El gobierno de Cuba anunció un cambio drástico en la forma en que se distribuye la canasta familiar normada en las bodegas, vigente desde los años 1960, que entrará en vigor a partir de abril de 2026 según autoridades del Ministerio de Comercio Interior.
A diferencia del esquema anterior, donde los productos básicos llegaban a precios subsidiados directamente en las bodegas, la nueva estrategia transferirá los subsidios a las personas, mientras que algunos alimentos y bienes serán vendidos sin subsidio a precios diferenciados.
El cambio permitirá un sistema mixto donde coexistirán productos normados con subsidio y otros liberados sin subsidio, aunque la implementación será un reto logístico que requerirá que cada territorio incremente su producción local para satisfacer la demanda de la población.

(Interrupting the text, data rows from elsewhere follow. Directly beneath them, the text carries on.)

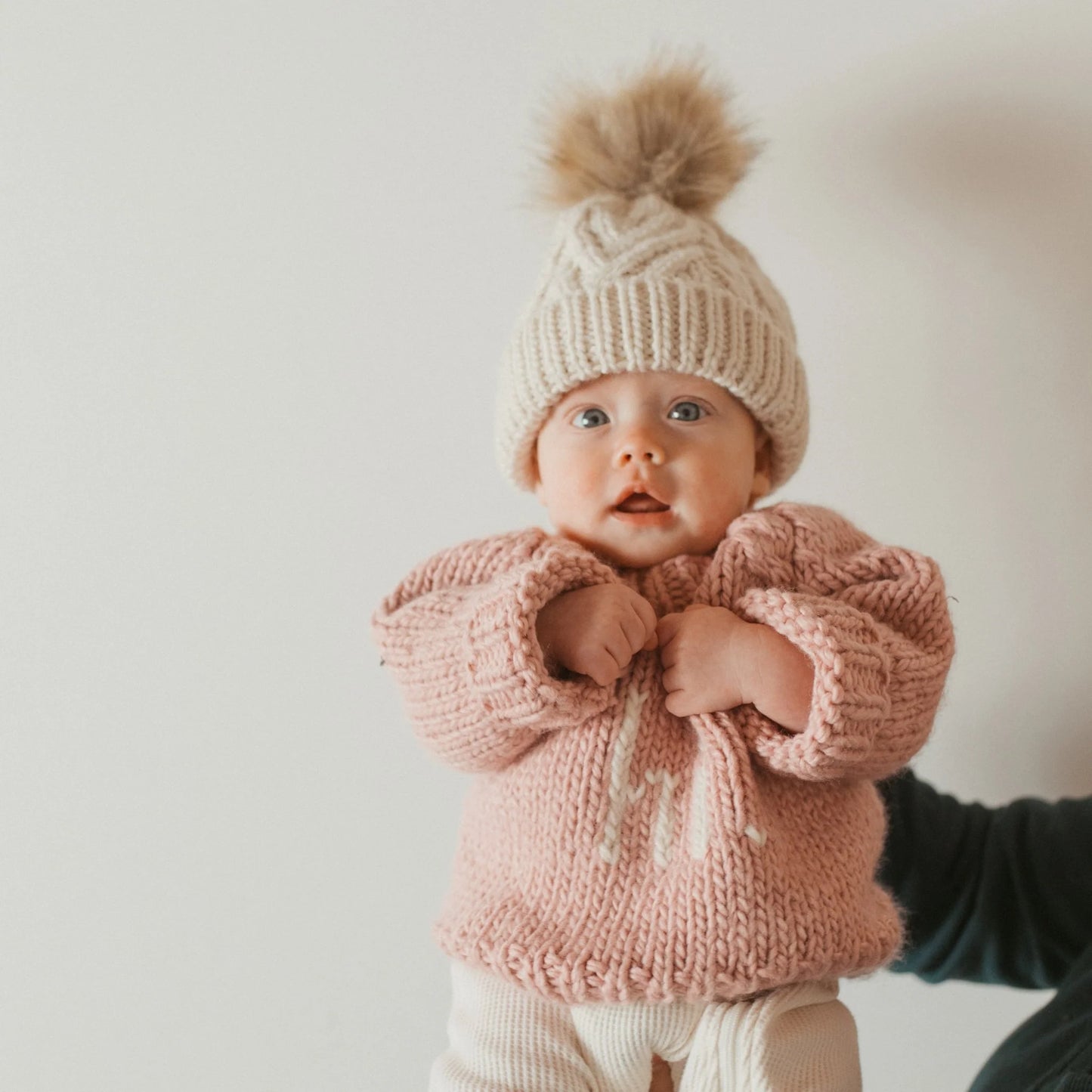 Natural Pop Pom Pom Knit Beanie Hat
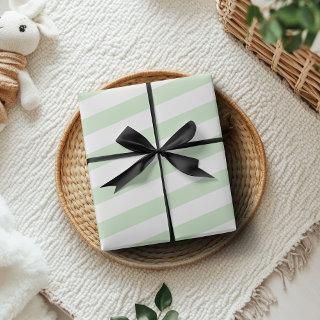 Pastel Pistachio and White Wide Horizontal Striped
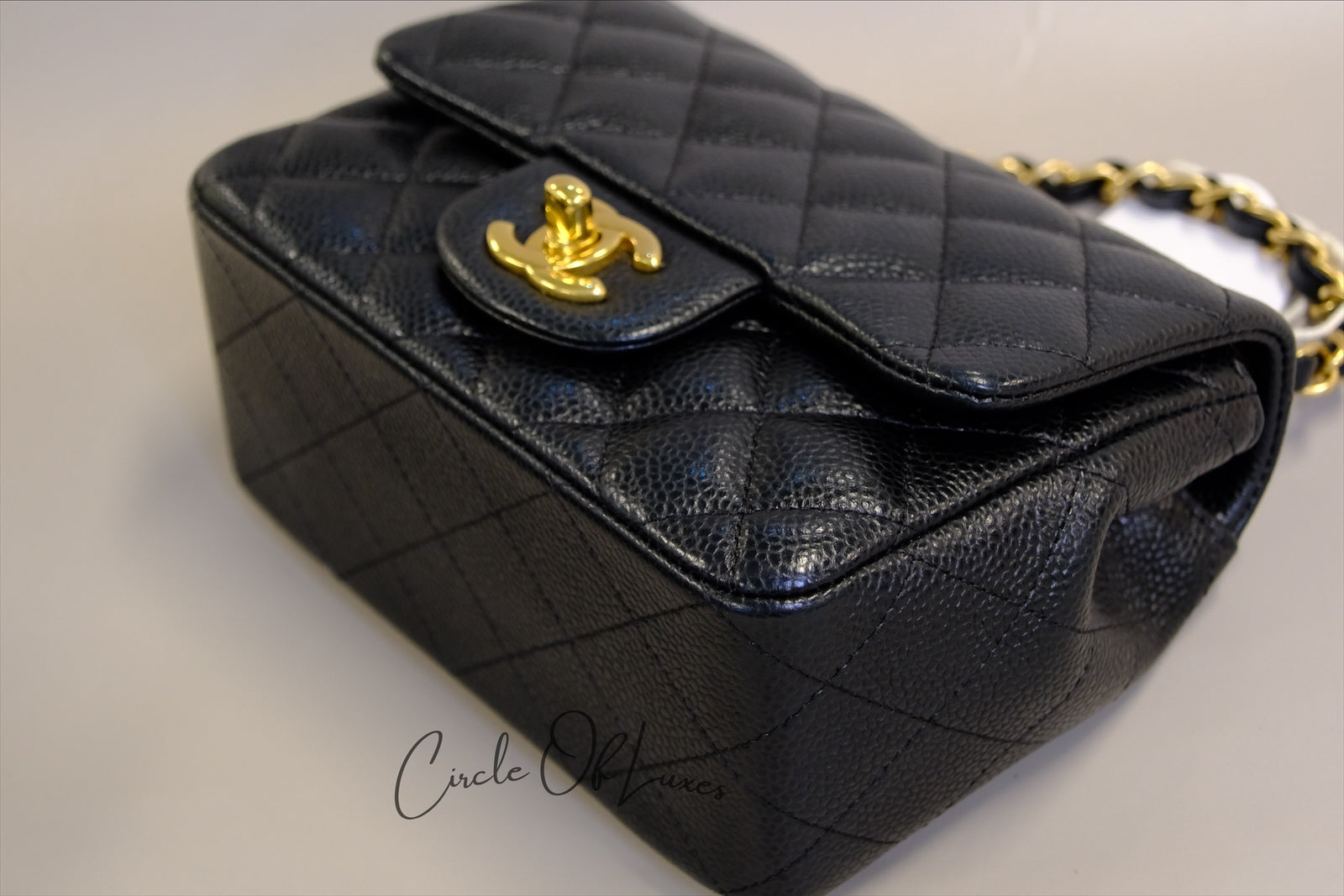 CHANEL MINI SQUARE CAVIAR GHW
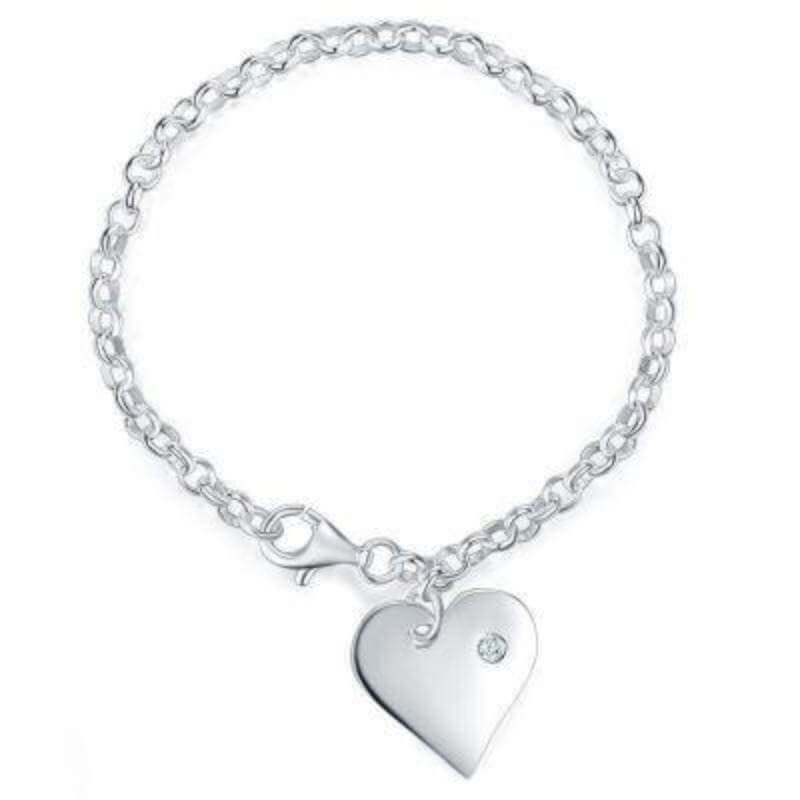 Children Dangle Heart Solid 925 Sterling Silver Bracelet - The Sparkle Place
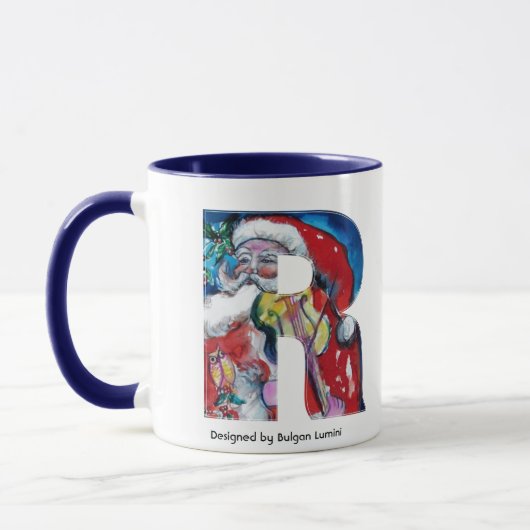 MUG LETTRE DE NOËL / PÈRE NOËL AVEC MONOGRAM DE VIOLON (Gauche)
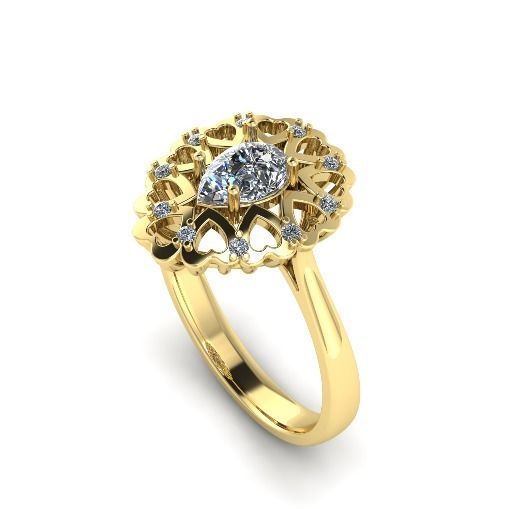 348 Ring with hearts 3D print model_2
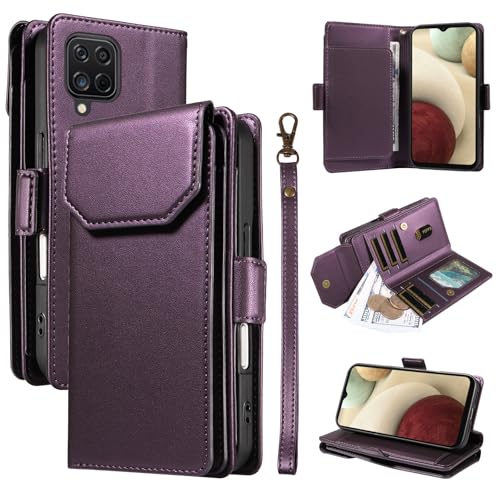 Handy-Geldbörsenhülle Kompatibel mit Samsung Galaxy A12 Brieftaschen-Hülle mit Kartenhalter for Damen und Herren, modische PU-Lederhülle, seitliche Schnalle, Handschlaufe, Brieftaschen-Handyhülle, pas Handy-Geldbörsenhülle Kompatibel mit Samsung Galaxy A12 Brieftaschen-Hülle mit Kartenhalter for Damen und Herren, modische PU-Lederhülle, seitliche Schnalle, Handschlaufe, Brieftaschen-Handyhülle, pas von GERHGJUK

Entre los puntos clave de la reforma está la exigencia de que los municipios generen su propio abastecimiento de productos como la leche; por ejemplo, solo se distribuirá leche si el territorio la produce.
La medida forma parte de un paquete de ajustes referido por la dirección del país para enfrentar la escasez crónica de combustible y los retos logísticos en la distribución de alimentos, y ha recibido críticas de expertos que advierten que podría complicar la vida diaria de los cubanos sin resolver los problemas estructurales.